WORK INSTRUCTION — Your answer should consist only of the lines from the line containing "of the Komedia" through the last line below, each repeated exactly.

INPUT FOR THIS TASK —
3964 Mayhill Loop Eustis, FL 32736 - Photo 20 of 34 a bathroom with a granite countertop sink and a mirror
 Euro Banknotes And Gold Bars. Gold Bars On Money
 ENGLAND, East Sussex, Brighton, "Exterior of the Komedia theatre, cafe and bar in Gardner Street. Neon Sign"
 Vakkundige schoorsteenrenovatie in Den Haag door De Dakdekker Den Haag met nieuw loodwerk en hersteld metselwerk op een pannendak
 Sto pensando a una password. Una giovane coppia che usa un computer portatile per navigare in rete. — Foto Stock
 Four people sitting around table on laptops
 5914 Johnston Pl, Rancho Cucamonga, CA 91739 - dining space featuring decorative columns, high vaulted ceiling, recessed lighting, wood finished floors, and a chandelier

RESULT OF THE EXERCISE —
 ENGLAND, East Sussex, Brighton, "Exterior of the Komedia theatre, cafe and bar in Gardner Street. Neon Sign"
 Vakkundige schoorsteenrenovatie in Den Haag door De Dakdekker Den Haag met nieuw loodwerk en hersteld metselwerk op een pannendak
 Sto pensando a una password. Una giovane coppia che usa un computer portatile per navigare in rete. — Foto Stock
 Four people sitting around table on laptops
 5914 Johnston Pl, Rancho Cucamonga, CA 91739 - dining space featuring decorative columns, high vaulted ceiling, recessed lighting, wood finished floors, and a chandelier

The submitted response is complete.